Me: Why did you look at me when you said that?
me: hips like a canadian goose
girl in club: is that good?
Angel: welcome to heaven
Me: holy shit
Angel: ooh you swore get out
Devil: welcome to hell
Me: holy shit
Devil: ugh u said holy get out
ME, my last day as a doctor: Sir, your sugar is dangerously high. You need to eat less… *checking the notes on my hand*… crabs.
My role in family now primarily consists of walking around the home shouting, “ONLY ONE PAPER TOWEL!” anytime anyone approaches the roll.
Hear me out: a switch blade but instead of sharp metal a meatball sandwich pivots out
Fights fire with marshmallows
[interview]
Your résumé says you have a “take no prisoners attitude”. You know you are applying to be a corrections officer, right?
Yes liquor stores are essential businesses, today it was essential that I get port to go with my cigars.

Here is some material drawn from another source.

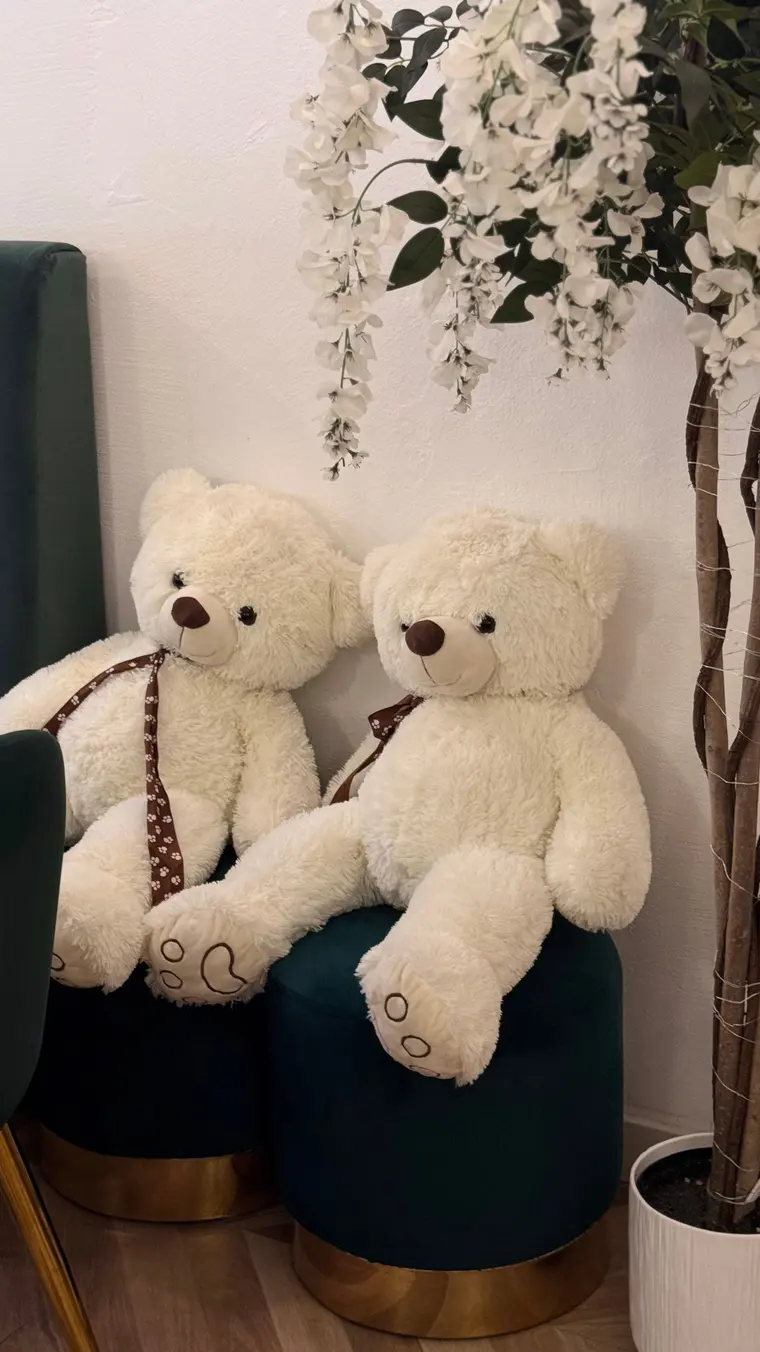 Cozy Setup with White Teddy Bears and Floral Decor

Interviewer: where do ya see yourself in 5yrs
Me: going through a Denny’s trash bin
I: but you might get this job
M: haha that’s… irrelevant
[months ago]
Me: I wish for one episode to be so dark no one can see it, one episode to include an infamous coffee cup debacle, and the series to end with Tony Soprano sitting on the Iron Throne.
Genie: And now we wait.
I tried to cover myself in plastic wrap as a sexy surprise, but we were out and this aluminum foil is getting itchy…
Jesus has seen me naked and that’s why he made me funny.
[pediatricians office]
8, after the flu vaccine: Daddy, now I can tell my whole class I got shot!
Me: Please don’t say it like that.
From now on, when you see the word “minimum”, good luck trying to not imagine a tiny British mother.
Photosynthesis is the process used by plants to convert a picture into a thousand words
Trying to get healthier, I took up shadow boxing. I’m getting a lot better at it, but so is he.
The computer keyboard was invented before the mouse. It was a precursor.